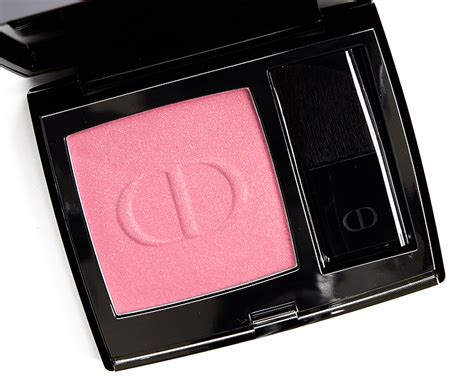 dior rouge blush 330|dior rouge blush 212 tutu.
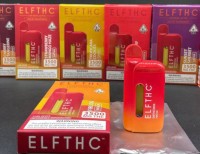 Telegram @strtplugg THC Vape for sale in Qatar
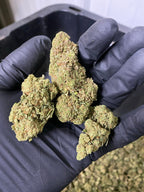 Hawaiian Express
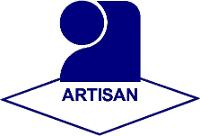 Artisan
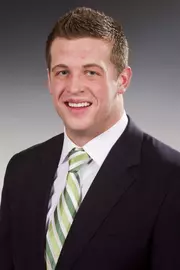 Dan Vaughan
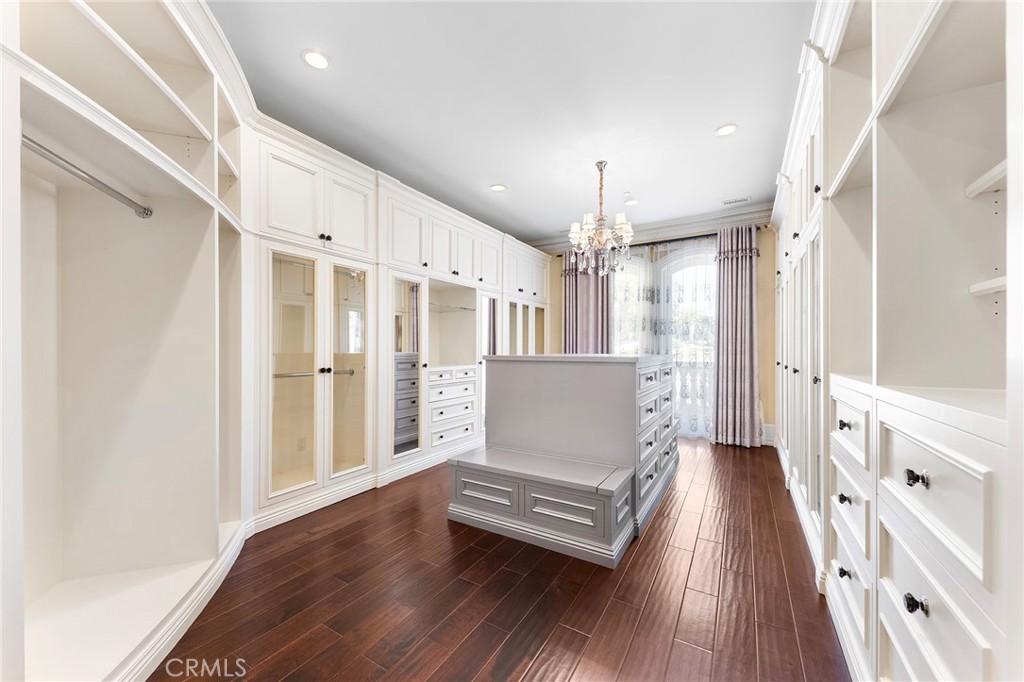 165 Circle Drive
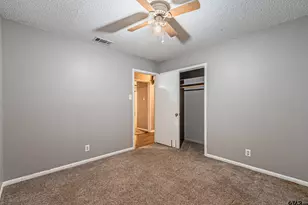 200 S Birch, Van, TX 75790 - Photo 23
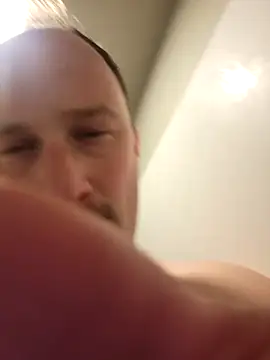 gdawg78 online show from 02.07.26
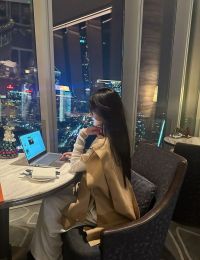 #TTTY 1158	SA THẢI NHẦM NGƯỜI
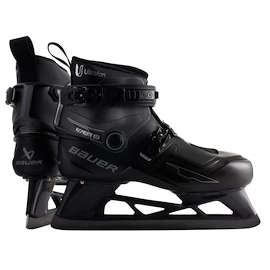 Drsalke za vratarja Bauer KONEKT2 Goal Skate Senior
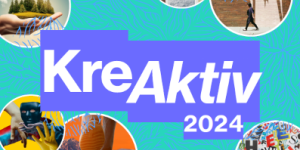 KreAktiv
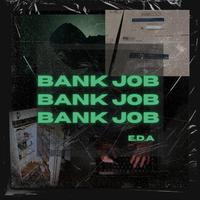 Bank Job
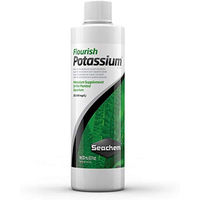 Produktbild von Seachem Flourish Kalium Pflanzendünger 2 Liter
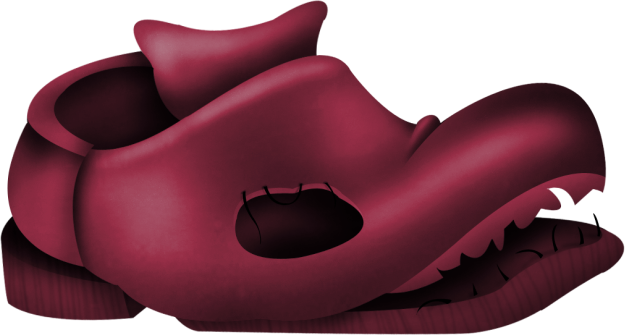 Spring-Fairy-93.png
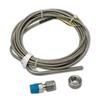 Autometer 3/16 inch Competition EGT Probe Kit thumbnail 9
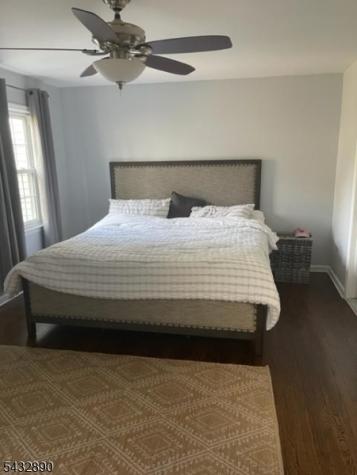 48 Wexford Drive Mendham NJ 07945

* _Assignment_:
The records shown above are to be repeated exactly, with the pictures left out.

* _Task output_:
 dior rouge blush 330|dior rouge blush 212 tutu.
 Telegram @strtplugg THC Vape for sale in Qatar
 Hawaiian Express
 Artisan
 Dan Vaughan
 165 Circle Drive
 200 S Birch, Van, TX 75790 - Photo 23
 gdawg78 online show from 02.07.26
 #TTTY 1158	SA THẢI NHẦM NGƯỜI
 Drsalke za vratarja Bauer KONEKT2 Goal Skate Senior
 KreAktiv
 Bank Job
 Produktbild von Seachem Flourish Kalium Pflanzendünger 2 Liter
 Spring-Fairy-93.png
 Autometer 3/16 inch Competition EGT Probe Kit thumbnail 9
 48 Wexford Drive Mendham NJ 07945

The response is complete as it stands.